[Profile of autonomous regulation of circulation in patients with severe left ventricular myocardial hypertension].

Autor: Mamontov OV, Liubimtseva TA, Moiseeva OM, Irtiuga OB, Shliakhto OB
Jazyk: ruština
Zdroj: Klinicheskaia meditsina [Klin Med (Mosk)] 2013; Vol. 91 (1), pp. 49-54.

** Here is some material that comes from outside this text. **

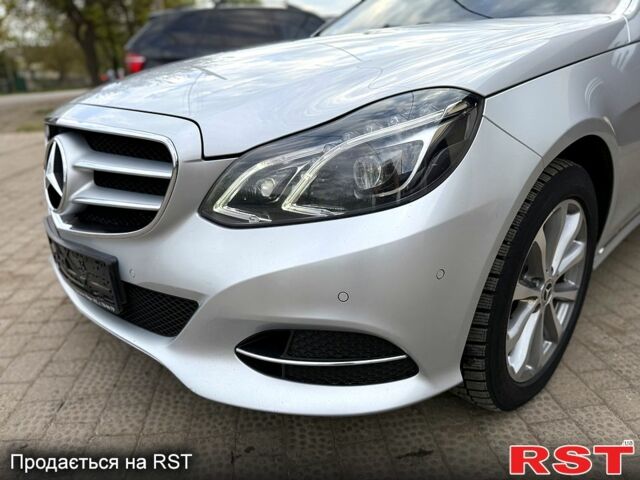 Сірий Мерседес Е-Клас, об'ємом двигуна 2.1 л та пробігом 300 тис. км за 18950 $, фото 6 на Automoto.ua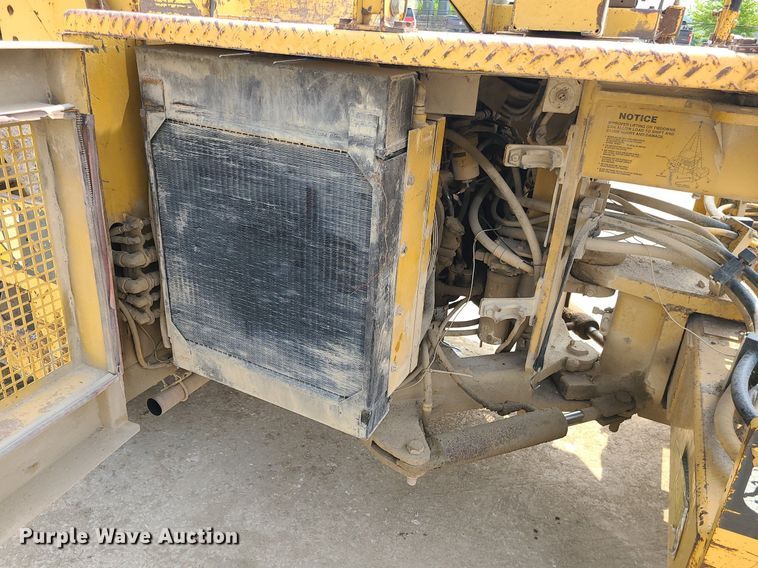 image for item LE9194 1996 Caterpillar CB-534B  double drum vibratory roller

Abstrakt: The possibility of concomitant hypertrophic myopathy (HCMP) and hypertensive disease (HD) in the same patient is debatable. This study aimed at estimating peculiarities of autonomous regulation of circulation and clinic-pathogenetic features of the disease in patients with marked hypertrophy of interventrucular septum (IVS) depending on the presence of arterial hypertension (AH). The patients with manifest left ventricular hypertrophy (MLVH) were divided into those with and without AH. Clinical examination included assessment of the vasomotor cardiopulmonary baroreflex (VM CPBR). Valsalva maneuver, sensitivity of spontaneous arterial baroreflex (ABR), cardiac rhythm variability at rest and orthostasis. Hemodynamic parameters were determined by continuous non-invasive recording using a Finometer arterial pressure monitor. Patients with HCMP showed reduced VM CPBR, preserved ABR, Valsalva and sympatovagal indices. Similar but less pronounced changes were documented in patients with MLVH, AH and HD. Profile of autonomous regulation of circulation in patients with manifest left ventricular myocardial hypertension and AH was significantly different from that in HCMP patients but similar to the profile in the patients with HD.